It’s got to be hard to get noticed these days as a jazz vocalist with so many contestants out there, many of them good or at least showing some solid potential. Vocalists are among the most marketable of jazz musicians because they can be sold to a variety of markets depending on the songs they choose and the arrangements, production, and carefully controlled image of the artist that a major label puts out there. But once the trappings of a major label are discarded, there is essentially only the raw material, the music, to go by. Judging by the musical evidence available on Amy Banks’ new self-release CD, When the Sun Comes Out, she’s got a great deal of potential.

Banks isn’t as polished as she may one day become, but she’s well on her way. This is the kind of disc that, a little later in an artist’s career, will be used to demonstrate that her raw skills were in evidence early on. Banks has her chops and phrasing in place, and her voice is bold and earthy. She handles the power of the title track, the wistfulness of “I Get Along Without You Very Well,” the blues inflections of “Lover Man” and her cover of Michael McDonald’s “It Keeps You Runnin’” all with equal aplomb.
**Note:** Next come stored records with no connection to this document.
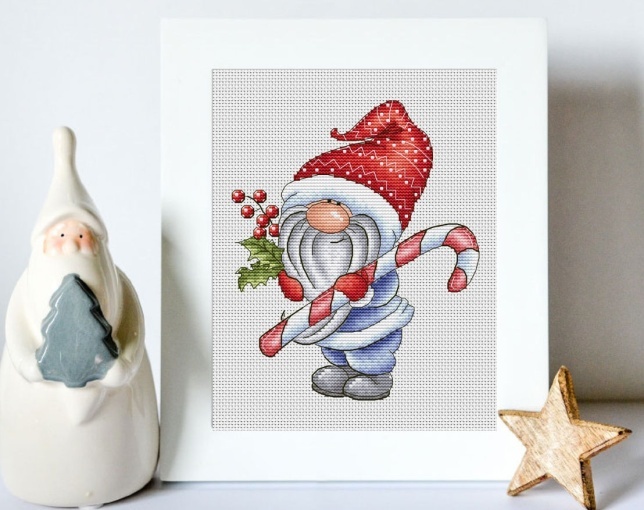 Winter Gnome Cross Stitch Pattern, code KPX-116 KsPatternsXstitch | Buy ...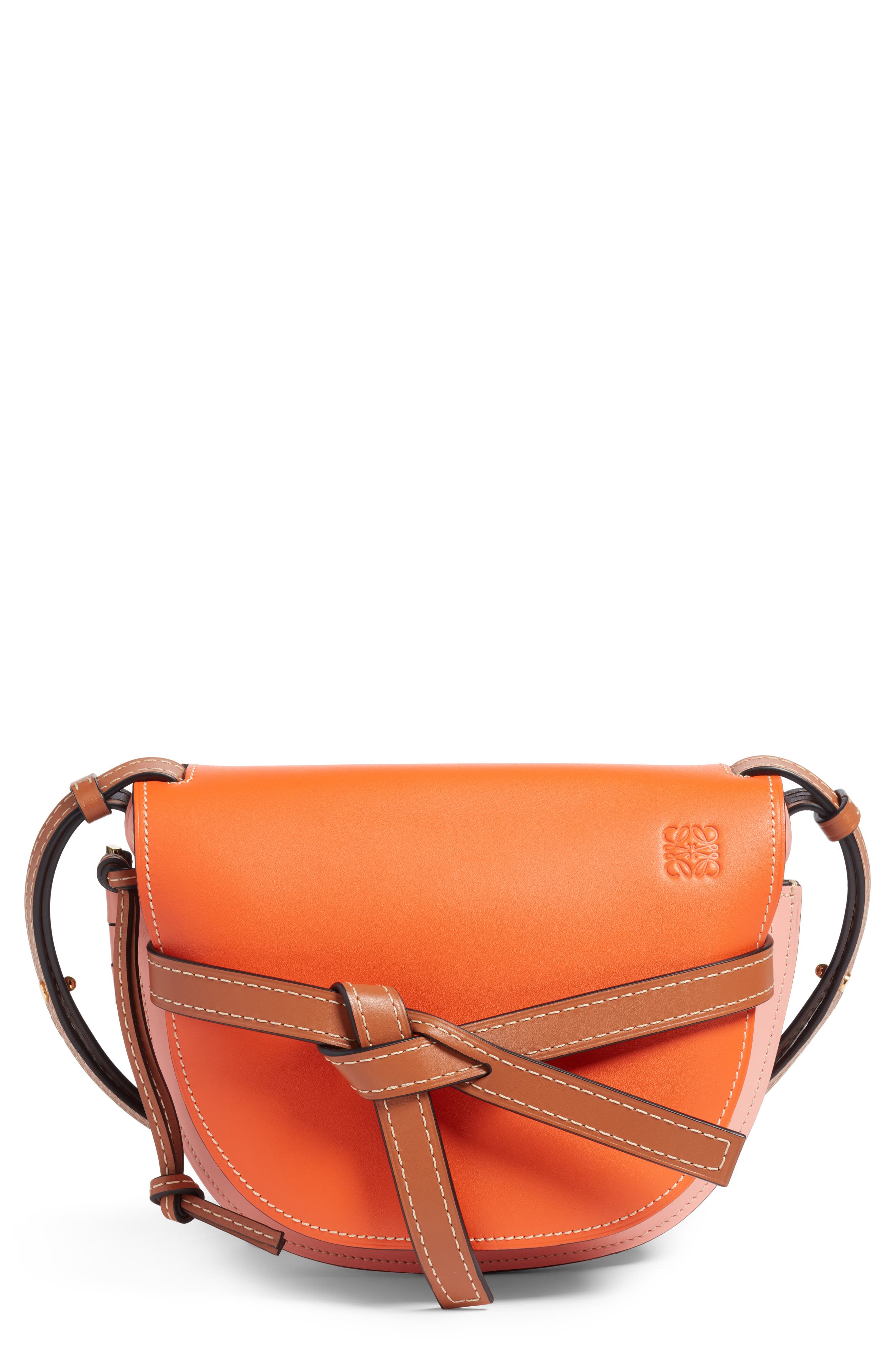 Gate Small Leather Crossbody Bag, Main, color, ORANGE/ BLOSSOM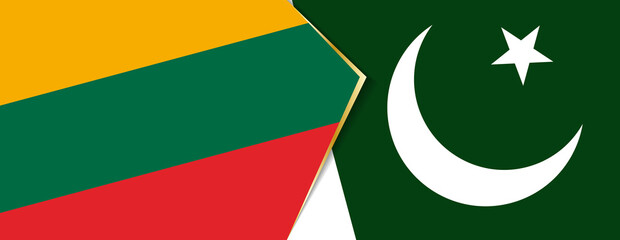 Lithuania and Pakistan flags, two vector flags.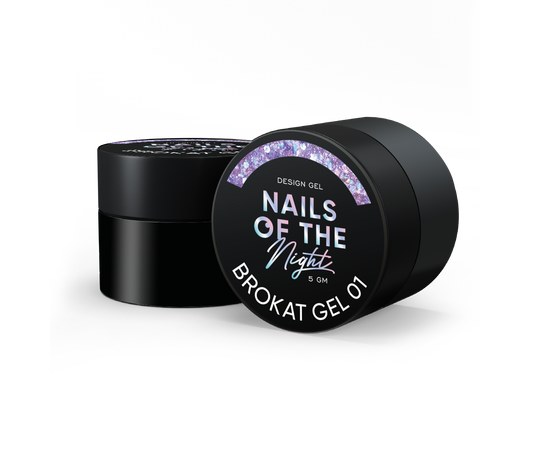 Изображение  Nails Of The Night Brokat gel 01 - design gel with multi-colored brocade and glitter for nails, 5 g, Volume (ml, g): 5, Color No.: 1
Banks steps out as co-writer, with pianist Steve Rudolph, of “Ruined for the Rest.” It’s a cute, sophisticated tune and lyric that makes one hope for more original songs in the future. But it is in the closing two tracks, “Lover Man” and Hoagy Carmichal’s “Skylark” that she reveals herself to be a singer blossoming into maturity right in front of us. “Lover Man” is interpreted in a way that both honors the interpretations of other famous singers who have sung them and creates its own notch in the canon. Accompanied most actively by bassist Steve Varner (drummer Rich De Rosa provides shadings here and vibist Tony Miceli is there primarily as a soloist) Banks delivers her own full-bodied rendition of the fabled song.

“Skylark,” perhaps best known to jazz listeners as a vehicle for saxophonist Paul Desmond, is given a gorgeous reading by Banks, who does justice to the subtleties of the song’s heartbreaking melody. It provides further evidence (if any is needed at this point) that the listener is hearing a future jazz star.